Over the years I've changed my thinking on this. I'm less apt to go quick attack (what we call it) vs. laying a supply line than I once was . All our engines carry 500 gals.
If I see a header or hear confirmed reports of fire, I'll lay line. If we're investigating and see nothing I'll have the second engine standby a water source. Along with this change in thinking; I almost never consider taking a single forward when I can stretch and double. But like my Dad would say: "Never is a long alley without any trash cans."
One exception would be for a mobile home fire; partly due to the size of the structure but mainly because of the layout of our water systems in these areas.
Due to our hydrant locations, we will attack the first line with on-board water supply (1000 gallons). In most cases our tanker is on scene before we hit the 1/2 tank. The tanker has 3000 on board with a 1000 2-stage pump. All our engines has a direct tank fill so we donot have to go through the pump to fill our tanks. This is used on most of our residencel fires. If we do lay a supply line (4") , we will still make the first attack with on board tank while others are making the connection. After the hydrant is charge, our SOP requires the tank to pump valve left open as the internal clapper valve will close preventing a back feed to the tank. Should we lose the hydrant supply for any reason, the clapper will automaticly open giving the attack team tank water to exit the building until the supply is re-established.
If the structure is fully involved, we lay a line in and may use a blitz attack with the deck gun while making the connection.

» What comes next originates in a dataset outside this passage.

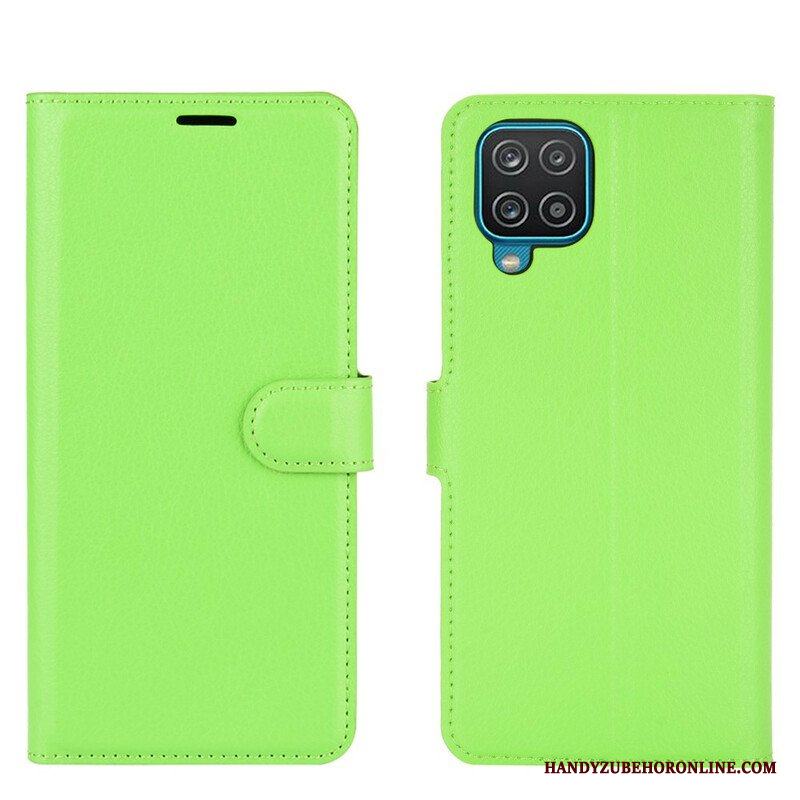Fodral Samsung Galaxy M12 / A12 Klassiskt Litchi Konstläder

You can knock down alot of fire with 1000 gallons and a smoothbore tip applied in the right place. We are hoping that by 2013 we will have hydrants throughout our district 2000 feet apart in niegborhoods and 1000 feet apart in our small commerical areas. We have a 4 department dispatch for any structure fire reported.
In our area, all of the departments are standard on this. The 1st due Eng Co will use the booster tank to make an initial attack. The 2nd due Eng Co will establish the water supply for the 1st due Eng Co unless the Engineer from the 1st due Eng Co makes his own hydrant. The booster tank is only for initial attacks and not for prolonged use throughout the entire incident. The only time that the booster tank is used for an entire attack is vehicle fires, dumpster fires, rubbish fires, grass fires, etc...

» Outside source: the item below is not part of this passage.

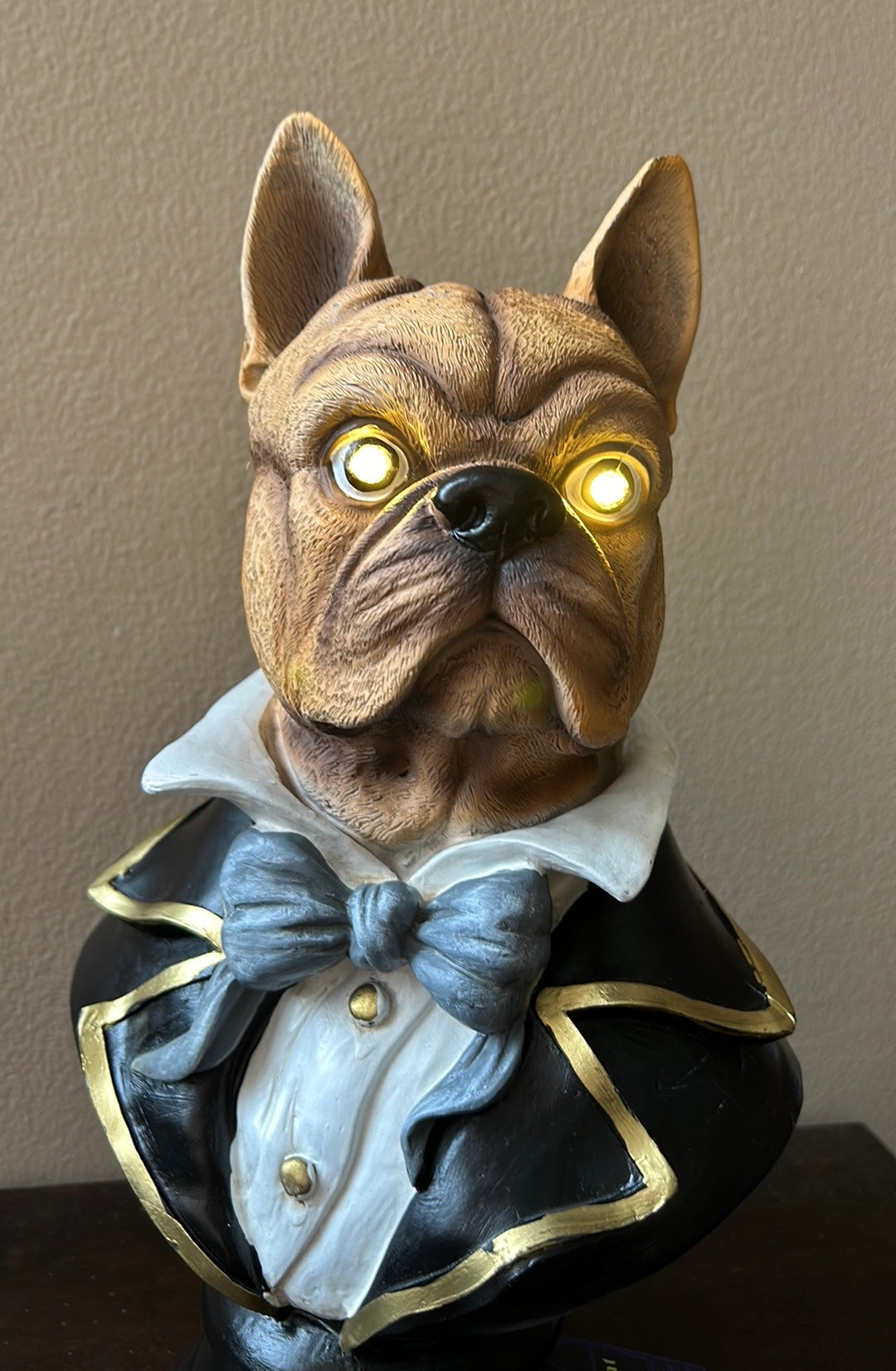 Moonlight Manor French Bulldog Pedestal/Bust Figurine W/LED Light Up Eyes 14”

Our department has no specific standard in regard to our booster tanks. The decision is left to the company officer to decide if a fire attack can be made with whatever amount of water the particular engine carries. Our department uses 500 gallon tanks primarily but we do have a few with 750. I personally like to lay in dry from the hydrant on anything with smoke showing and have the second company drop a ff at the hydrant to charge the line. The initial attack is being done simultaneously off the booster and switches over once water supply is secured. I agree that it really depends on the situation and if you can make a difference with the limited tank water you have. Of course most small vehicle fires, dumpster and rubbish fires can be handled with booster water as well as a small room and contents fire initially.
We will start an interior attack with the booster tank. (500gal) This is, however, up to the 1st in officer. First in ambulance is assigned to establish a secure water supply. They NORMALY arrive very quickly, if not with or before the engine. The FF's on the line should not be on booster water for very long. We have a hydrant every 150ft. The engineer will radio to the crew when they're on hydrant water. He will also let them know immediatly if there is a problem with getting a hydrant. Then, the officer needs to make some decisions. (to back out, to not back out) The officer needs to be well aware of just how far the 500gal will go. If you just pulled the 2.5, maybe booster water isn't the way to go.
We won't use booster water to start a high rise attack. The water supply is established 1st, then hook up to the FDC.
My volunteer department doesn’t have the option but to use it. We are an all rural area with 27 hydrants in 79 square miles. Normal procedure is the first in company (all engines have 1000 gal. Of water) will use our tank water and the second due engine will drop the line and dump tank to secure water supply. We also run a strong mutual aid of tenders to establish continuous water supply. Once water supply is secured our engineers switch over and only use the tank as a last resort in case of primary water supply failure.